> [PROBLEM STATEMENT]:
Retype only the lines that run from the top of the material below to the line bearing "In the decline", inclusive, and keep the pictures out.

> [DATASET SECTION]:
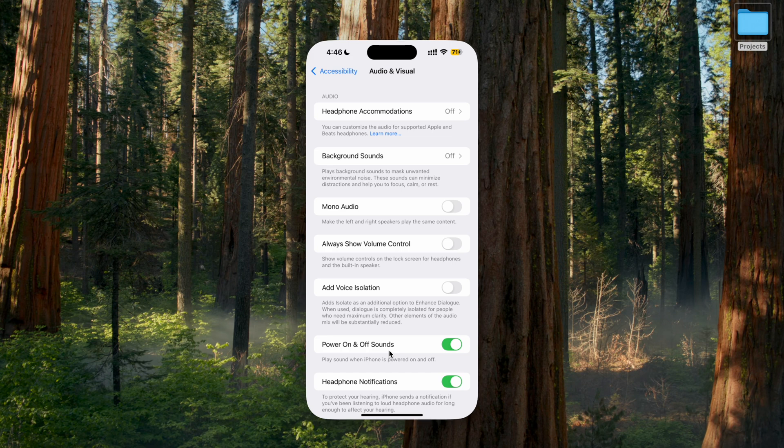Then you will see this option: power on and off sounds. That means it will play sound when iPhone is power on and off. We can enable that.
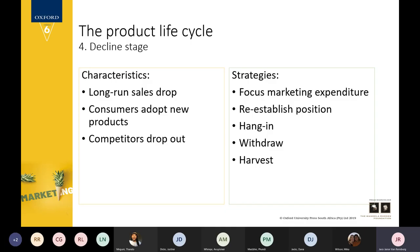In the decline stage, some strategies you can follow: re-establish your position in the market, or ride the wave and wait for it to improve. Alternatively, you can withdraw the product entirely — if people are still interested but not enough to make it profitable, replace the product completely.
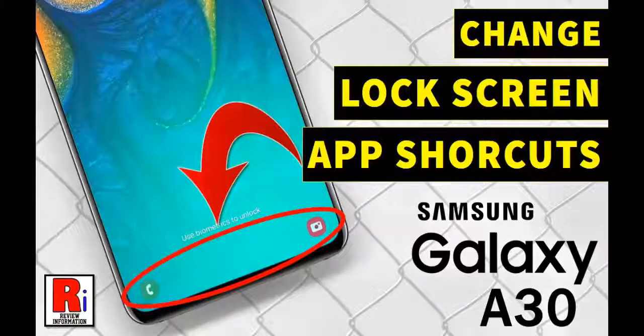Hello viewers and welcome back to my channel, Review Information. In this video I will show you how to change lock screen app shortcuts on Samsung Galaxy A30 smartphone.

> [YOUR RESPONSE]:
Then you will see this option: power on and off sounds. That means it will play sound when iPhone is power on and off. We can enable that.
In the decline stage, some strategies you can follow: re-establish your position in the market, or ride the wave and wait for it to improve. Alternatively, you can withdraw the product entirely — if people are still interested but not enough to make it profitable, replace the product completely.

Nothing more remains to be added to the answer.